Quel regard portez-vous sur la mixité dans votre secteur d’activité ?
Nos métiers sont très ouverts à la diversité – les banques ont d’ailleurs été précurseurs quant à la féminisation de leurs équipes. Nul doute que chacune peut s’épanouir professionnellement dans la tech. Regardez la variété des sujets qui m’occupent : logiciel, matériau, usine, management, il y en a pour tous les goûts et pour toutes les carrières. Au passage, quand tout évolue vite, la formation d’ingénieur généraliste à la française est une grande force, et une chance.
Pour continuer à innover de façon pertinente et efficace, je suis persuadée que diversité et intelligence collective sont nos meilleurs atouts : notre proposition est plus forte quand des équipes mixtes en genres, nationalités ou expériences collaborent dans une organisation fluide qui favorise les échanges et permet à chacun d’apporter sa touche personnelle.
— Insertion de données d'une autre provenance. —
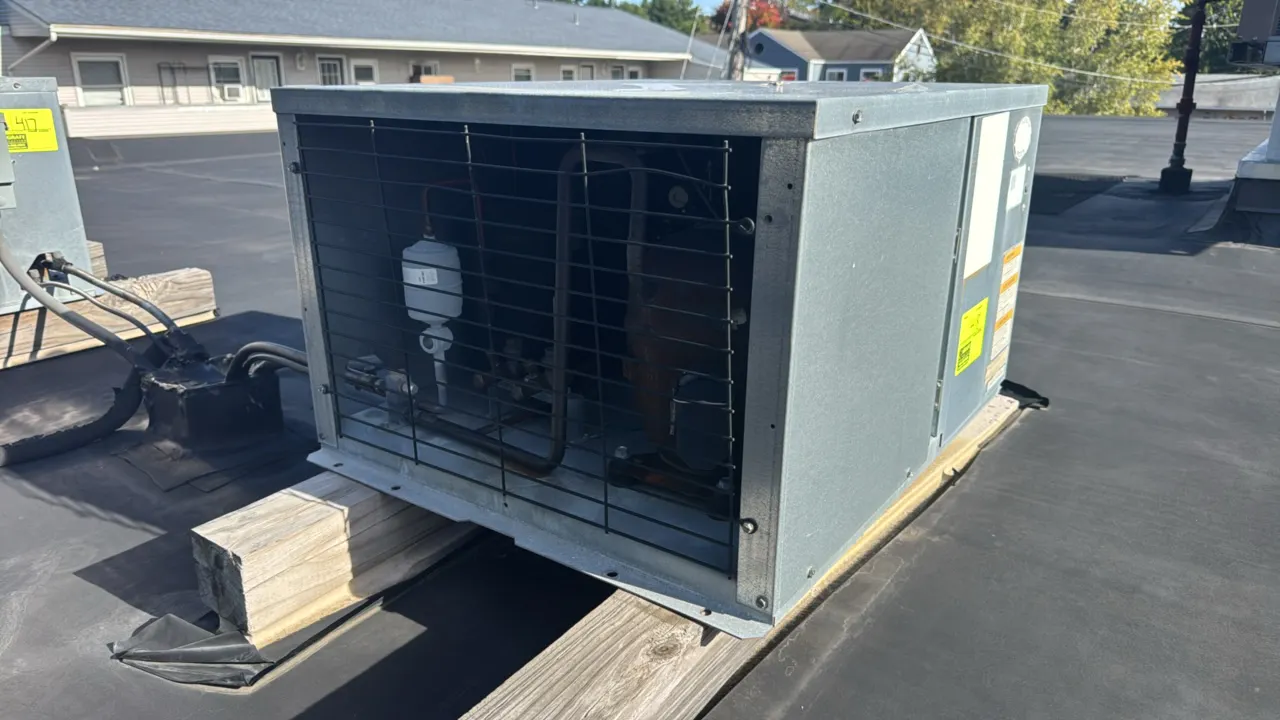 Trenton rooftop condensing unit featuring a 2014 Copeland RST70C1E-TA5-202 compressor (S/N: 14B00274E). Includes an attached Square D safety disconnec
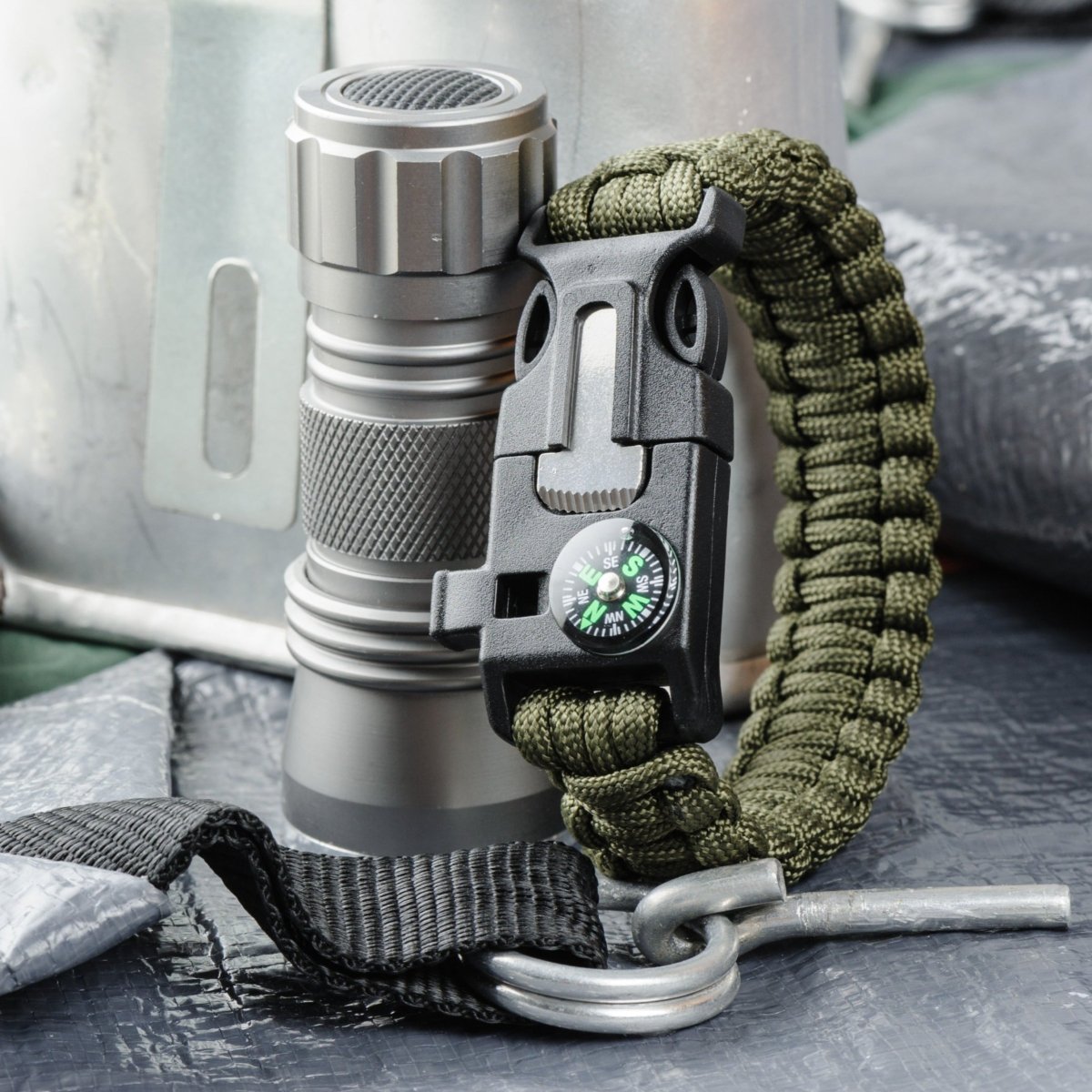 Durable Paracord Survival Bracelet with Compass & Emergency Tools-Field & Wild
Nous accueillons les ingénieures à bras ouverts. Étant à la croisée entre informatique et industrie, sur des métiers techniques, nous sommes confrontés aux problématiques bien connues des écoles d’ingénieurs : la difficulté à attirer les femmes. Continuons à déployer des efforts pour féminiser ces filières !
Comment les sujets de mixité, diversité et inclusion sont-ils appréhendés dans votre entreprise ?
La diversité est une ambition affichée de Giesecke+Devrient, traduite en objectifs et en mesures précises. Aujourd’hui nous comptons plus de 70 nationalités dans nos effectifs, à tous les niveaux de l’organisation – par exemple 7 dans ma première ligne. Un quart de nos managers sont des femmes, y compris sur des postes techniques, comme dans mes équipes : directrice projet Amériques, patronne R&D Asie ou cheffe monde de l’offre matériaux.
Nos programmes de développement de talents font ainsi la place belle aux femmes, aux internationaux et… aux jeunes.
En effet, la question de l’attractivité du secteur pour les jeunes générations et la capacité à attirer, mais également à fidéliser les talents de demain, se pose…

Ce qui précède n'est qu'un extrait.